• Instructions for the task: Start at the line containing "Youju perika s" and transcribe every line exactly through the end of the records below, and only those lines.

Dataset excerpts
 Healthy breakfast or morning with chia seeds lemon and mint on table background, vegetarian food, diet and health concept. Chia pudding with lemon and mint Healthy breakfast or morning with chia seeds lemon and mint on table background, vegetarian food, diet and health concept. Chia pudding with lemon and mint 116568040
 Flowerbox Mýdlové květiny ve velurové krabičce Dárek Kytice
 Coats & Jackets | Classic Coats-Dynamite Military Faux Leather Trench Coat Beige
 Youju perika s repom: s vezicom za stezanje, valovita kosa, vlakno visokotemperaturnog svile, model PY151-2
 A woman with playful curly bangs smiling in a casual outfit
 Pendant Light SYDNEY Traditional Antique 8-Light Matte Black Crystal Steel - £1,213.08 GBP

• Exercise output:
 Youju perika s repom: s vezicom za stezanje, valovita kosa, vlakno visokotemperaturnog svile, model PY151-2
 A woman with playful curly bangs smiling in a casual outfit
 Pendant Light SYDNEY Traditional Antique 8-Light Matte Black Crystal Steel - £1,213.08 GBP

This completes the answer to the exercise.